The United States Army Corps of Engineers Mississippi Valley Division (MVD) is responsible for the Corps water resources programs within 370,000-square-miles of the Mississippi River Valley, as well as the watershed portions of the Red River of the North that are within the United States. It encompasses the entire Mississippi River from Lake Itasca, Minnesota, to the Gulf of Mexico. It excludes the watersheds of the Missouri River and Ohio River, and portions of the Arkansas River and the Red River of the South. The division includes all or parts of 13 states: Arkansas, Illinois, Iowa, Kentucky, Louisiana, Michigan, Minnesota, Mississippi, Missouri, North Dakota, Tennessee, Wisconsin, and South Dakota.
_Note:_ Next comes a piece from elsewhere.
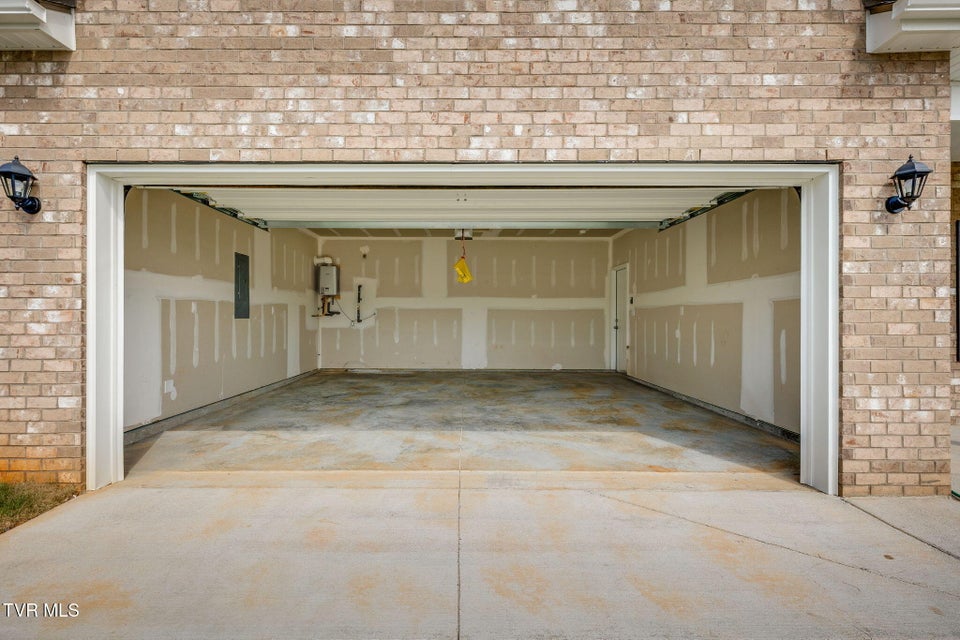 Photo #40: 804 Pinhoti Street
The mission of the division is to serve the Mississippi Valley region by managing the watersheds and developing collaborative engineering solutions that will reduce risks through the reduction of flood damage potential, maintain and enhance navigation, and protect, restore and enhance environmental ecosystems, while being prepared to respond to regional and national emergencies.

The MVD operates hydroelectric plants within the system, is a large water and construction regulatory body, and maintains over 1.9 million acres for recreation. The MVD, and specifically the New Orleans District, is responsible for the design and construction of the Hurricane & Storm Damage Risk Reduction System (HSDRRS) which seeks to provide 100 Year storm protection to the City of New Orleans.

==Overview==

The Mississippi Valley Division is made up of six districts, based in St. Paul, Minnesota, Rock Island, Illinois, St. Louis, Missouri, Memphis, Tennessee, Vicksburg, Mississippi, and New Orleans, Louisiana.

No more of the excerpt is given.